# Sage Bambino Pressurised Basket



## td2812 (Jun 20, 2020)

Hi all,

I'm new to the forum and espresso machines in general really! I have just purchased a bambino plus from AO. Unfortunately it only came with the pressurised baskets and It looks like they're going to be out of stock of the non-pressurised ones until August at the earliest!

As soon as the non-pressurised ones are in stock I plan on adding a grinder as well but in the mean time does anyone have any tips for using the bambino with the pressurised double basket? Things like dosage, beans to use, grind size etc. At the moment I'm generally using dark roasts, pre ground espresso grind in manual mode but pulling 1:2 in about 12-13 seconds so obviously something not quite right.

Any help would be much appreciated!

Thanks everyone


----------



## Danz0r (May 29, 2020)

Great series on YouTube by UKCoffeeBlog specifically all about the Bambino Plus. Suggest you watch that as it answers basically all your questions.

I too bought one from AO and gutted they didn't come with the unpressurized baskets but if you don't have a grinder yet, you should be fine.

Get some scales and use the manual mode, starting at 1:2 ratio e.g 16g in 32g out, rather than relying on the pre-programmed time stuff.

That said, I've been really struggling with mine too and I may well return mine to AO as I'm not willing to wait until September for non pressurised baskets as I also bought a grinder at the same time.

Let me know how your experiments go as I'm in the same boat!


----------



## Border_all (Dec 19, 2019)

May i ask how much are the baskets. I bought a DTP model it came with 4 baskets. Just curious how much sage saves by missing including them


----------



## facboy (Dec 13, 2019)

zzz...no idea what they cost now but when i bought one direct from Sage in december it was, i kid you not, £2.95.

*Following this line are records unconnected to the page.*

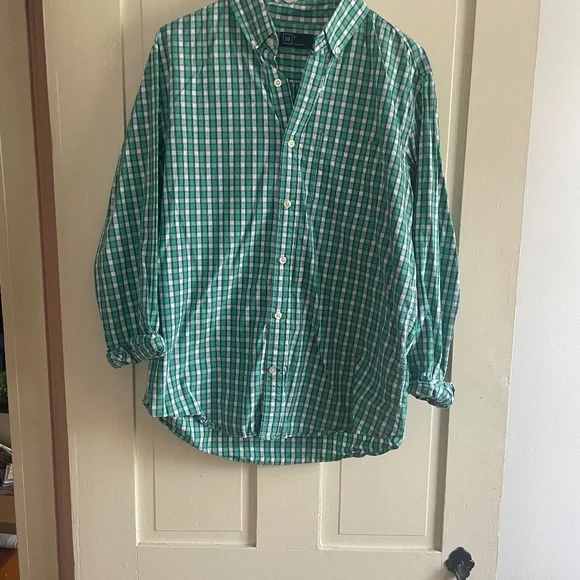 Button down - Picture 1 of 2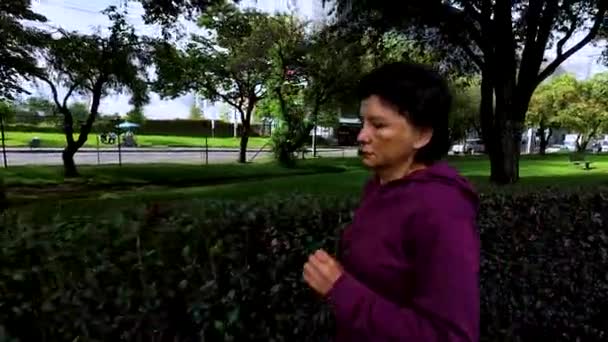 Donna Anziana Che Corre Nel Parco Mattino Città — Video Stock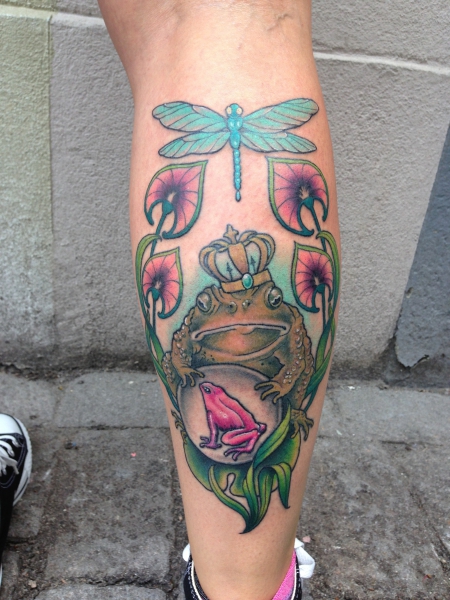 libelle-Tattoo: Froschkönig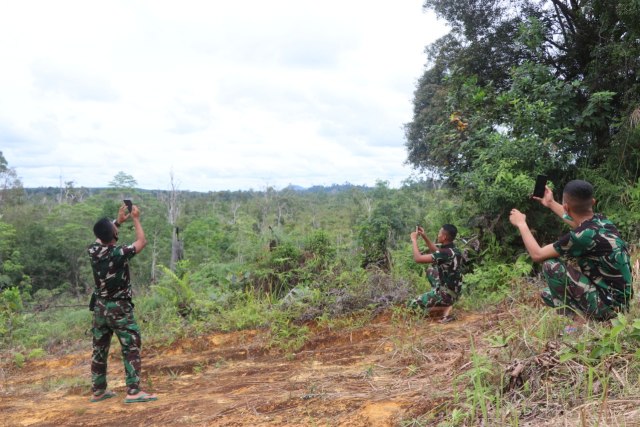Personel TNI di Sintang sedang mencari sinyal di perbukitan. Foto: Dok. Pendim Sintang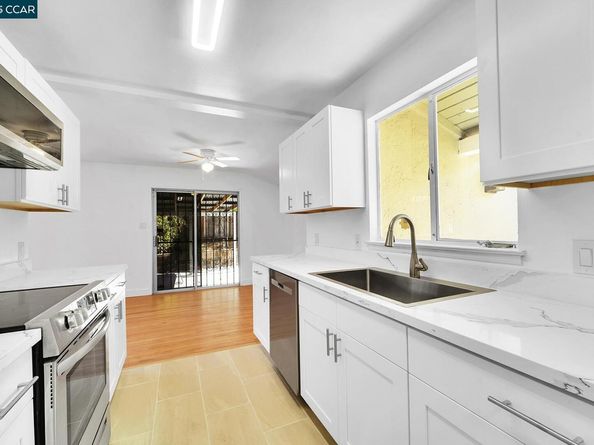 2323 Doidge Ave, Pinole CA 94564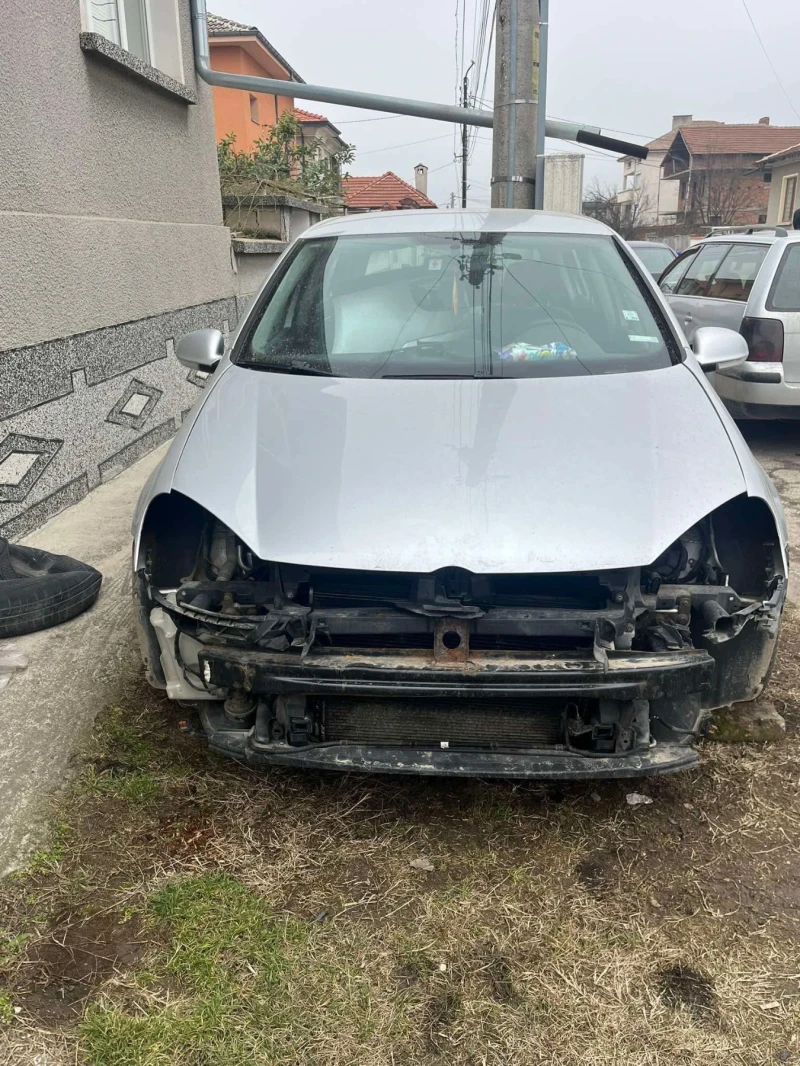 VW Golf, снимка 3 - Автомобили и джипове - 49323945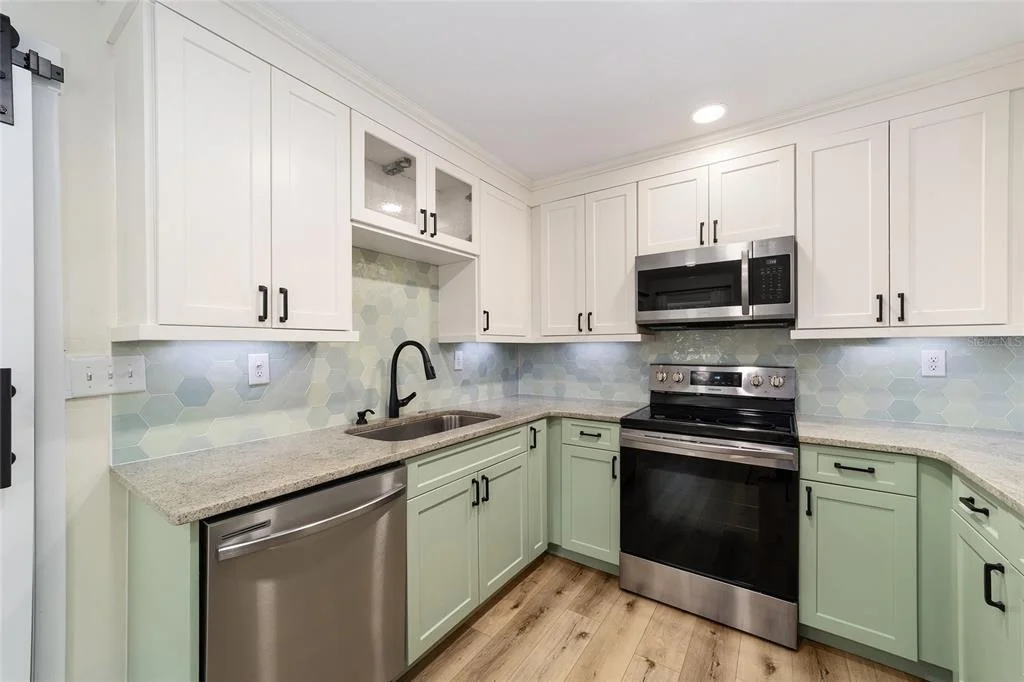 Photo of 825 SE 13TH STREET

i mean, knowing the kind of crazy mark-up that goes on 'after sales' parts (and obviously it's just a piece of stamped metal), the cost to them is probably measured in single-digit pence.


----------



## Border_all (Dec 19, 2019)

facboy said:


> zzz...no idea what they cost now but when i bought one direct from Sage in december it was, i kid you not, £2.95.
> 
> i mean, knowing the kind of crazy mark-up that goes on 'after sales' parts (and obviously it's just a piece of stamped metal), the cost to them is probably measured in single-digit pence.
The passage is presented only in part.